[Your instructions] The entries that follow include a run beginning at the line with "Afrikkalainen amerikkalainen IT-asiantuntija" and ending at the line with "Flathead's Glenn Strickler"; restate that run word for word and leave the rest out.

[Data for this task]
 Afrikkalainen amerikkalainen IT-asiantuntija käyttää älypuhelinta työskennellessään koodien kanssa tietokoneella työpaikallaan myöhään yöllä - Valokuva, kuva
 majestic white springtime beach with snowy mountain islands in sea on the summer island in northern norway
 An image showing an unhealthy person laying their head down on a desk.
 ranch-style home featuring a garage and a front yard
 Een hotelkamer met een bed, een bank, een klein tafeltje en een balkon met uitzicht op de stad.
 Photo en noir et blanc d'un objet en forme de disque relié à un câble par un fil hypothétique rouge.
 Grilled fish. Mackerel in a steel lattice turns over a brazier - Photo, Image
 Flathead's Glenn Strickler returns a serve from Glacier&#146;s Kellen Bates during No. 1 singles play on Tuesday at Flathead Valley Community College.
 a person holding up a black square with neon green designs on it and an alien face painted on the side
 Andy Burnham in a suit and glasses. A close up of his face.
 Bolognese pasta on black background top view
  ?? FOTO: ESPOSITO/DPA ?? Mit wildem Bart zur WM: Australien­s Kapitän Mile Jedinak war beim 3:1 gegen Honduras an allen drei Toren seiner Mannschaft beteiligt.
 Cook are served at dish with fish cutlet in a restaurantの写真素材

* * *

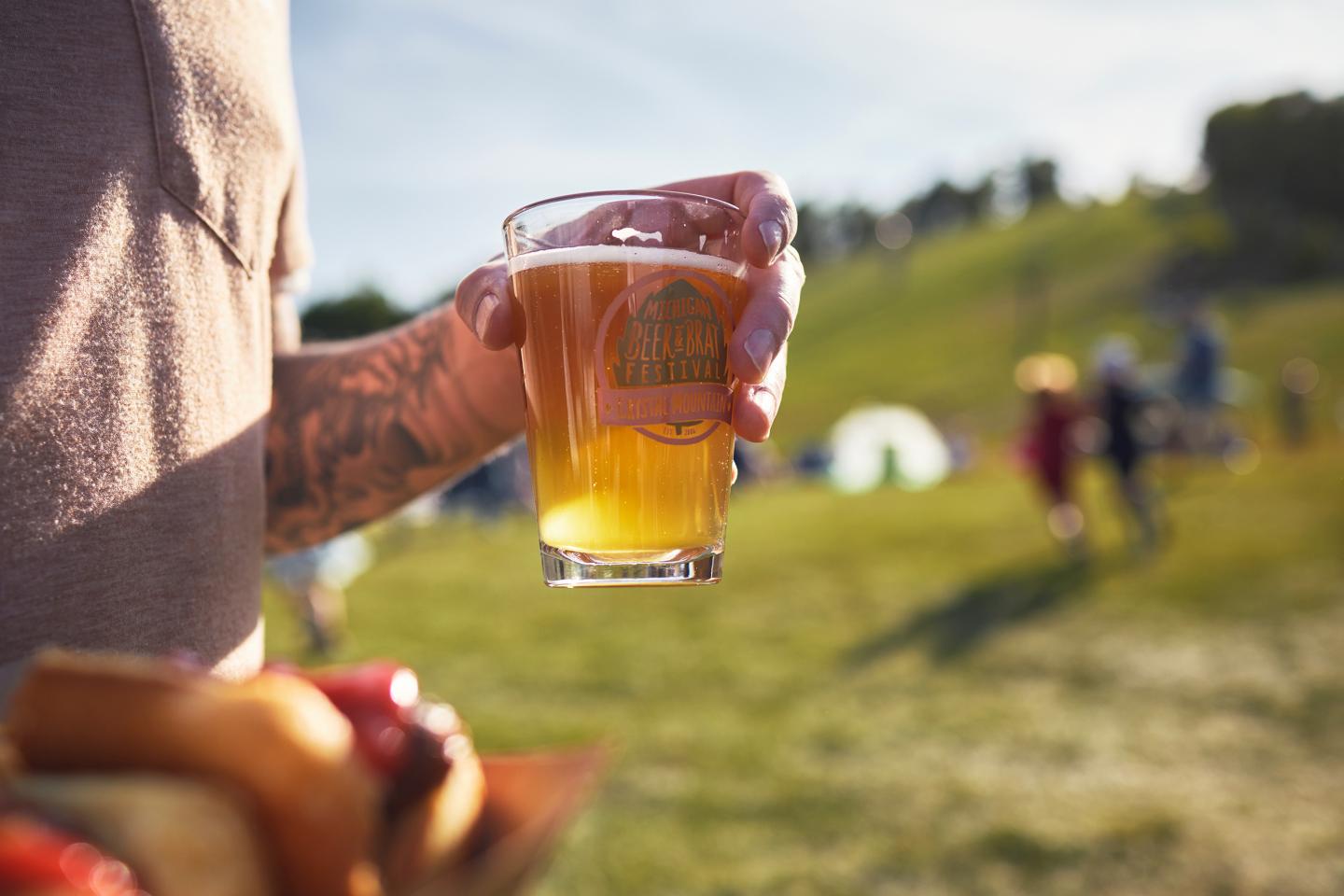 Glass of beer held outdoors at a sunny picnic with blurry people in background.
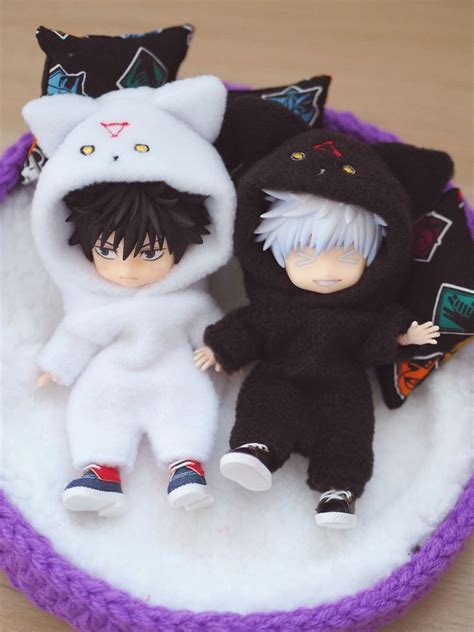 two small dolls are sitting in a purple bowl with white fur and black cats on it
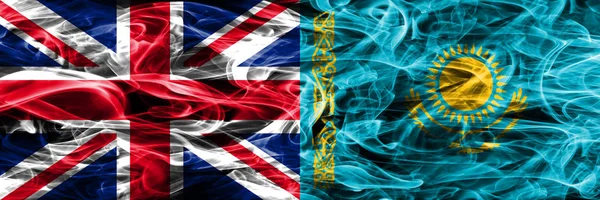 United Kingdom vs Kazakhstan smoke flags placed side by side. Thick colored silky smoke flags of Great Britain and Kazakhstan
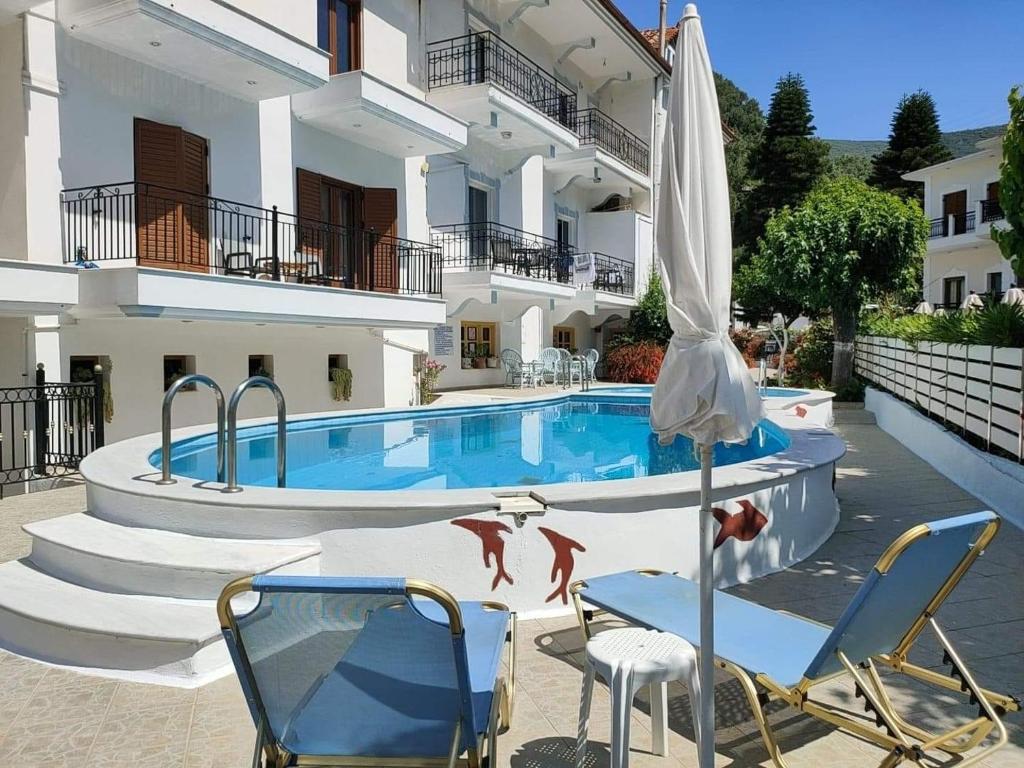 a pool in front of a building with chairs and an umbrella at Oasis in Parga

[Written reply]
 Afrikkalainen amerikkalainen IT-asiantuntija käyttää älypuhelinta työskennellessään koodien kanssa tietokoneella työpaikallaan myöhään yöllä - Valokuva, kuva
 majestic white springtime beach with snowy mountain islands in sea on the summer island in northern norway
 An image showing an unhealthy person laying their head down on a desk.
 ranch-style home featuring a garage and a front yard
 Een hotelkamer met een bed, een bank, een klein tafeltje en een balkon met uitzicht op de stad.
 Photo en noir et blanc d'un objet en forme de disque relié à un câble par un fil hypothétique rouge.
 Grilled fish. Mackerel in a steel lattice turns over a brazier - Photo, Image
 Flathead's Glenn Strickler returns a serve from Glacier&#146;s Kellen Bates during No. 1 singles play on Tuesday at Flathead Valley Community College.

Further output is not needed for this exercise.